Your answer must consist of exactly the lines below, starting with the line with "Nigeria Urogynecologic Surgical" and going on through the line with "SUNLU 10KG tipo", and nothing else.

-------- Data listing --------

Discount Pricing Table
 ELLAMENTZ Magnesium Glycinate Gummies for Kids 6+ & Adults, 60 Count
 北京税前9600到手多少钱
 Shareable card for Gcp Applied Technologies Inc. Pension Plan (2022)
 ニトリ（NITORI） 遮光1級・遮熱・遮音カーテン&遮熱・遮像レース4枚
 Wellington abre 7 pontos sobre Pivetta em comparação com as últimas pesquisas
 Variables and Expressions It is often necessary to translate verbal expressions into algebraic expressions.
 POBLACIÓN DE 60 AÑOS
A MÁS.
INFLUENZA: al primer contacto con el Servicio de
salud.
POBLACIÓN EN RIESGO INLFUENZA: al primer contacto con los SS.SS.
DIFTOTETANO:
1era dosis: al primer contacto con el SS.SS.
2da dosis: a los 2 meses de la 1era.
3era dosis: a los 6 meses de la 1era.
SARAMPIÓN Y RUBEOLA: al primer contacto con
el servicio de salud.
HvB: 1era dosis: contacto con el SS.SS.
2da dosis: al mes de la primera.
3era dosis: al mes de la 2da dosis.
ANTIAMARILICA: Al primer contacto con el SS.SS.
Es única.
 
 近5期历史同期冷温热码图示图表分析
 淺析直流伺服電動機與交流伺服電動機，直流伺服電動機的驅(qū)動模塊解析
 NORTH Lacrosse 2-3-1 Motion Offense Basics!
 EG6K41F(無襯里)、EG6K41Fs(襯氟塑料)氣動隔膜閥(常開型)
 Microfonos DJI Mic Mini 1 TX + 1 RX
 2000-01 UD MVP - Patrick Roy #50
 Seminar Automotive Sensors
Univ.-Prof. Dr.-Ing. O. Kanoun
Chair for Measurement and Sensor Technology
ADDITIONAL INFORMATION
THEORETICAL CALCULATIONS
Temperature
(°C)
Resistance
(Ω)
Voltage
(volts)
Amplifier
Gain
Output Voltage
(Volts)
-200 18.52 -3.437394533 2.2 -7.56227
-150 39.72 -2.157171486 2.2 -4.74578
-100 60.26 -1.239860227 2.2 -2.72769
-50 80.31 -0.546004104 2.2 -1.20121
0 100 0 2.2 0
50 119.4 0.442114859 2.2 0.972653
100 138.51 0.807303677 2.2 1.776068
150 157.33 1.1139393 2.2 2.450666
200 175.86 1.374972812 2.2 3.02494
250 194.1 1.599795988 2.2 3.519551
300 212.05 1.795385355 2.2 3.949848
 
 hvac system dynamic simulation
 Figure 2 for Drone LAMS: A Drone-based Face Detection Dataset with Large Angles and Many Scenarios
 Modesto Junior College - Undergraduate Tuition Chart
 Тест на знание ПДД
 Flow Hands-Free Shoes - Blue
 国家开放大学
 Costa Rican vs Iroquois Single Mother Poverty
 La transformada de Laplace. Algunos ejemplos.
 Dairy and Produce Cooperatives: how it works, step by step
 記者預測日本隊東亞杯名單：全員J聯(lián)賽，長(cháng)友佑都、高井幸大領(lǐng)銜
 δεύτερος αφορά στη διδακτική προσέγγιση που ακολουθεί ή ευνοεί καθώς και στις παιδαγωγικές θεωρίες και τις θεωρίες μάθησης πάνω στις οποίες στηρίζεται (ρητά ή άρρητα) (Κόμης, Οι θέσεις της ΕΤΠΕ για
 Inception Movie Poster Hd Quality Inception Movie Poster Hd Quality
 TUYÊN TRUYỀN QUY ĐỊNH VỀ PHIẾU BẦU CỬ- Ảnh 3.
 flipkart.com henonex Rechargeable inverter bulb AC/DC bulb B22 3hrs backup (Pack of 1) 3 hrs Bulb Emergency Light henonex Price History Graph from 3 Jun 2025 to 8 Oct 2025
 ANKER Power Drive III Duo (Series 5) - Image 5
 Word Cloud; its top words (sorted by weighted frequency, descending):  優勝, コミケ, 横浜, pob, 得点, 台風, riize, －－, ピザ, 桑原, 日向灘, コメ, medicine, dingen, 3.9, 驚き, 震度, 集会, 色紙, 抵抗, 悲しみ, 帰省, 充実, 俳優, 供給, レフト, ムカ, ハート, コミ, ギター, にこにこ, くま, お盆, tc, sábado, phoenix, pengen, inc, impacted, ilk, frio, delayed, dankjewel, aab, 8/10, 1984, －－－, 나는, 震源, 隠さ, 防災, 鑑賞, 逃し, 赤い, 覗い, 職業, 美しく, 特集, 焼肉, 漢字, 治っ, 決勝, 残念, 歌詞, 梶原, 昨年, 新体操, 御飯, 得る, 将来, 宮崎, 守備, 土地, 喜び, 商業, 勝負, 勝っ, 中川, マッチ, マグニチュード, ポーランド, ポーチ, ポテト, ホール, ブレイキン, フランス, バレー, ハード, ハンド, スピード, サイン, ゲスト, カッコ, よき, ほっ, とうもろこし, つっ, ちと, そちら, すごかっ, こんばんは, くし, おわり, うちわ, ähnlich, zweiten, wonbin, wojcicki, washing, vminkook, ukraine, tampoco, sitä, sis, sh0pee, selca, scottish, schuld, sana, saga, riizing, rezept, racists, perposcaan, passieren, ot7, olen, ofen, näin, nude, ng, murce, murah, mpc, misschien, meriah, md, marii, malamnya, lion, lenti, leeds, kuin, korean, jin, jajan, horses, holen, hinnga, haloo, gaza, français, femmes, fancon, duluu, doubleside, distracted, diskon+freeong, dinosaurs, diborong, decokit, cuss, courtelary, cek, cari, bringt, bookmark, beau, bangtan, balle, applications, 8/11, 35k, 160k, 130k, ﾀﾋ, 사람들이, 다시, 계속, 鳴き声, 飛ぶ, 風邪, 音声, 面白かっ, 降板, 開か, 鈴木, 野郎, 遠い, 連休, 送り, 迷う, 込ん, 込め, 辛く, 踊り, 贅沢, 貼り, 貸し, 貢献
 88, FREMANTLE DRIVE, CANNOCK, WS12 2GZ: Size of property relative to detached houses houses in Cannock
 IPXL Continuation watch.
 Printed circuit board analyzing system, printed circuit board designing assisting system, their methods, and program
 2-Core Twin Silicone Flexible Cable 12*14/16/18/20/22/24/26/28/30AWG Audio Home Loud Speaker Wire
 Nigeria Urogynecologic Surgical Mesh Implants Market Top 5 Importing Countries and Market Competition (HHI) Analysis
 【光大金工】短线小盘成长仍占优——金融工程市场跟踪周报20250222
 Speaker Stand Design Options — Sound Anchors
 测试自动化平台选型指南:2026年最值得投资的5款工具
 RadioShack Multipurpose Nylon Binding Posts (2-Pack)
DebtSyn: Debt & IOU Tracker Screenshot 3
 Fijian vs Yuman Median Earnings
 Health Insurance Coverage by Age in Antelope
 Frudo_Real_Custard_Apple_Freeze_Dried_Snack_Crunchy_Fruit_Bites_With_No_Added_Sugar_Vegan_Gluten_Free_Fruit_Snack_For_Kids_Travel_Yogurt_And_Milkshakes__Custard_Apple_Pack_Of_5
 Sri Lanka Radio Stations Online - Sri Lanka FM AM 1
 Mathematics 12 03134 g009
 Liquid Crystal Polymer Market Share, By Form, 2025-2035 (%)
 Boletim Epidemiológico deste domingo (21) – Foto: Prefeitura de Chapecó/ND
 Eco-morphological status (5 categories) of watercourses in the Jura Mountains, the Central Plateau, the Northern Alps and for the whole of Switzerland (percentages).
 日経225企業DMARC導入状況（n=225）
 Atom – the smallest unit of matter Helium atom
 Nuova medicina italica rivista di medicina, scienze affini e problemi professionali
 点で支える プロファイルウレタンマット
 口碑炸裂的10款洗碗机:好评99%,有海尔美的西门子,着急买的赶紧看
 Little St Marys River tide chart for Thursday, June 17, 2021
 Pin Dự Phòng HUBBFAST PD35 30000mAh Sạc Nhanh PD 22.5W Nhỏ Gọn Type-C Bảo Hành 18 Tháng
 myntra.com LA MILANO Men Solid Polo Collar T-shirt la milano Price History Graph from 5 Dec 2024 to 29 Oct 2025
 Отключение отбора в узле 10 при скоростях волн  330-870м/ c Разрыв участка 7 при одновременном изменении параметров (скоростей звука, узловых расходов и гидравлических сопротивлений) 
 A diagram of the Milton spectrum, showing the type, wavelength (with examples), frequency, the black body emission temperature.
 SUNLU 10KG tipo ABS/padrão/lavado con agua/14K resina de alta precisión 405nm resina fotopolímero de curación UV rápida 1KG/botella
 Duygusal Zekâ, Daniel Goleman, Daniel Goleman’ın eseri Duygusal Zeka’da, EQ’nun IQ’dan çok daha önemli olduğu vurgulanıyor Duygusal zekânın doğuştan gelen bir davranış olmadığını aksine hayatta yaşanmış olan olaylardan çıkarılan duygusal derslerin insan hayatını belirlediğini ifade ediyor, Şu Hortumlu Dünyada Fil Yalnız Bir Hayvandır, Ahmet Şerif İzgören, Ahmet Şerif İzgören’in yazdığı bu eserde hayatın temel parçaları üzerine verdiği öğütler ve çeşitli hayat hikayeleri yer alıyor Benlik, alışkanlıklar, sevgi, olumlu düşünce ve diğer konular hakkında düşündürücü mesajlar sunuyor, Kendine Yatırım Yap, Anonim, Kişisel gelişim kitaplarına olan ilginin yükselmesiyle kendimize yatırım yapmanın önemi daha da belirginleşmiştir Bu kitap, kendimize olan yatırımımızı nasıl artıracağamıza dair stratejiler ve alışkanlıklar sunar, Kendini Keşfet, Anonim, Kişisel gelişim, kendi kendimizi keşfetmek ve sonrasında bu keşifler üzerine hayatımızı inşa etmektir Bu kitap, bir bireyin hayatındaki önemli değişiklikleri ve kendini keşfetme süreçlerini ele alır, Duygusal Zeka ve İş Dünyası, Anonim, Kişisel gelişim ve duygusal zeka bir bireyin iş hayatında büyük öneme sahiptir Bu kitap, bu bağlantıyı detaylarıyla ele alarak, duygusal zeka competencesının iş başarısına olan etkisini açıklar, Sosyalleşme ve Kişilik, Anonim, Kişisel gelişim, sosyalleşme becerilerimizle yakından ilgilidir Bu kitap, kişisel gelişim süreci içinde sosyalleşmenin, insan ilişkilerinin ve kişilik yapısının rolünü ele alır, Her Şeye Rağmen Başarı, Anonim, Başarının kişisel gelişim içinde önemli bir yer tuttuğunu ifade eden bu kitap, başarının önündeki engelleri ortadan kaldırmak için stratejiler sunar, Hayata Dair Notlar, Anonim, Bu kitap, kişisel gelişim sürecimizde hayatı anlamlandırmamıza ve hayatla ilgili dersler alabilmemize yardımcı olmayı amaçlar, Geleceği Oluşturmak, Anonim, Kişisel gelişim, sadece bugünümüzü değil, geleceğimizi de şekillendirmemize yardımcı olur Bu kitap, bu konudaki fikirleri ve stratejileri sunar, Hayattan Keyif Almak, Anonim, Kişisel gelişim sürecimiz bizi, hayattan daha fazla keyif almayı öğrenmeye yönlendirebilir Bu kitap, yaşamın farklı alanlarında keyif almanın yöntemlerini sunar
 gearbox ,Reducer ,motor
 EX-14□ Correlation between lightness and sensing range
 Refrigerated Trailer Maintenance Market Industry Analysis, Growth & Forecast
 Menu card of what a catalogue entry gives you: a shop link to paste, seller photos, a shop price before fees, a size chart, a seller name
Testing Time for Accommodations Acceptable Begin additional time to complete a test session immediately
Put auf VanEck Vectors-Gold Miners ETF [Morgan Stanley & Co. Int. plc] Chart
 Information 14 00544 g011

--------

• Expected answer:
 Nigeria Urogynecologic Surgical Mesh Implants Market Top 5 Importing Countries and Market Competition (HHI) Analysis
 【光大金工】短线小盘成长仍占优——金融工程市场跟踪周报20250222
 Speaker Stand Design Options — Sound Anchors
 测试自动化平台选型指南:2026年最值得投资的5款工具
 RadioShack Multipurpose Nylon Binding Posts (2-Pack)
DebtSyn: Debt & IOU Tracker Screenshot 3
 Fijian vs Yuman Median Earnings
 Health Insurance Coverage by Age in Antelope
 Frudo_Real_Custard_Apple_Freeze_Dried_Snack_Crunchy_Fruit_Bites_With_No_Added_Sugar_Vegan_Gluten_Free_Fruit_Snack_For_Kids_Travel_Yogurt_And_Milkshakes__Custard_Apple_Pack_Of_5
 Sri Lanka Radio Stations Online - Sri Lanka FM AM 1
 Mathematics 12 03134 g009
 Liquid Crystal Polymer Market Share, By Form, 2025-2035 (%)
 Boletim Epidemiológico deste domingo (21) – Foto: Prefeitura de Chapecó/ND
 Eco-morphological status (5 categories) of watercourses in the Jura Mountains, the Central Plateau, the Northern Alps and for the whole of Switzerland (percentages).
 日経225企業DMARC導入状況（n=225）
 Atom – the smallest unit of matter Helium atom
 Nuova medicina italica rivista di medicina, scienze affini e problemi professionali
 点で支える プロファイルウレタンマット
 口碑炸裂的10款洗碗机:好评99%,有海尔美的西门子,着急买的赶紧看
 Little St Marys River tide chart for Thursday, June 17, 2021
 Pin Dự Phòng HUBBFAST PD35 30000mAh Sạc Nhanh PD 22.5W Nhỏ Gọn Type-C Bảo Hành 18 Tháng
 myntra.com LA MILANO Men Solid Polo Collar T-shirt la milano Price History Graph from 5 Dec 2024 to 29 Oct 2025
 Отключение отбора в узле 10 при скоростях волн  330-870м/ c Разрыв участка 7 при одновременном изменении параметров (скоростей звука, узловых расходов и гидравлических сопротивлений) 
 A diagram of the Milton spectrum, showing the type, wavelength (with examples), frequency, the black body emission temperature.
 SUNLU 10KG tipo ABS/padrão/lavado con agua/14K resina de alta precisión 405nm resina fotopolímero de curación UV rápida 1KG/botella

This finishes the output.